Приехала в Москву. Остановилась у родителей на улице Горького. Не сказала, куда и зачем иду, чтобы никого не встревожить. По телефону обнаружила Николая Ивановича Мусхелишвили в гостинице “Якорь”, не так уж и далеко. И все совершилось с удивительной точностью. Николай Иванович, худощавый, гибкий, высокий, с тонким, интеллигентным лицом, знал Митино имя, да и с ним самим встречался на какой-то конференции. Гоглидзе он тоже знает. Вынул из портфеля огромный депутатский блокнот с невероятной, невиданной, ослепительно-глянцевитой бумагой и штампом на каждом листе. Вырвал из блокнота лист. Я запомнила записку дословно:
(“Чокались, чокались, – подумала я. – Пили”.)
У этого человека умные и добрые глаза. Лицо тонкое, одухотворенное. Зачем он якшается с Гоглидзе? Впрочем, мне это на руку.
Я поблагодарила Николая Ивановича от души. “Вы думаете, из двух вариантов – погиб или жив – правилен первый? – сказал он, провожая меня до дверей своего номера. – Очень вас прошу – не думайте так. Очень вас прошу. Пожалуйста!”
Добрый он был человек.
В Ленинграде я переписала эти несколько строк на машинке и снова отправилась в Большой Дом. Опять – никого. Постучала в оконце. Отворил тот же сонный. Я сказала ему, что хочу видеть лично товарища Гоглидзе, и протянула копию заветного письма. “Подлинник отдам только ему в руки”, – сказала я. “Предъявите свой паспорт и отойдите”, – ответил сонный. Я подала ему паспорт. Вдоль противоположной стены тянулись стулья, скрепленные общей доской. Сонный захлопнул окно. Я отошла и села.
Из-за деревянного окошка долетали звуки голоса. Слов я не разбирала. Сонный говорил по телефону.
Миновал час или более того. Я сидела, не спуская глаз с дверцы.
Наконец сонный позвал меня. Он вернул мне паспорт, а туда был вложен каллиграфически написанный пропуск.
Даты точно не помню, но помню, что через три дня. Значит, по всей видимости, первая декада апреля 1940-го.
‹…›
Куда положить все наши заступнические бумаги? У меня не было ни сумочки, ни портфеля. Я освободила от кукольного белья Люшин игрушечный чемоданчик и положила бумаги туда. Паспорт и пропуск все равно придется держать в руке. Письмо Мусхелишвили я выну в последнюю минуту. Перед столом.
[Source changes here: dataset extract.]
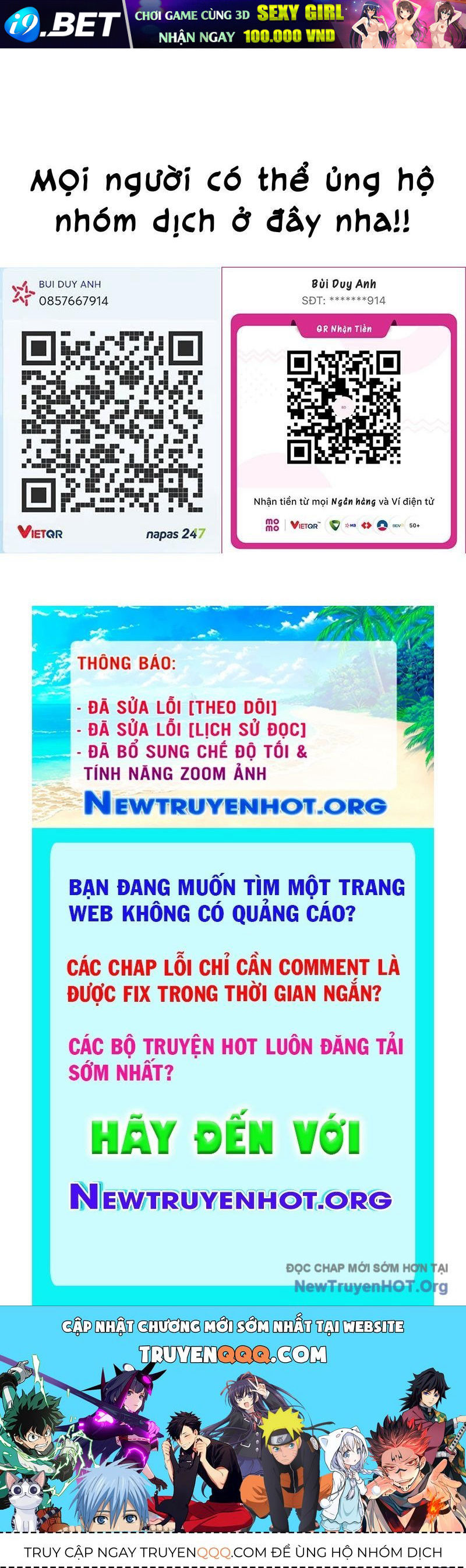 Hôm Nay Han Yoil Là Phụ Nữ - Chapter 2 - Page 171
Как изменилось время! В зале, где вокруг каждой колонны в пять витков обвивалась в тридцать седьмом очередь, – теперь, в 40-м, пустыня. Иду я не к кому-нибудь, а к самому товарищу Гоглидзе. А в 1937-м – он же 38-й – рядовой ленинградский прокурор после многочасовой очереди грозно посоветовал Корнею Ивановичу, в ответ на просьбу хоть передать Мите вещи, чтоб не мешался Чуковский не в свои дела.
‹…›
Широкая лестница и широкая ковровая дорожка. На площадке широкоплечие статные часовые. По очереди они сверяют паспорт с пропуском. Потом мое лицо с фотографией на паспорте. “Пройдите!” Прохожу.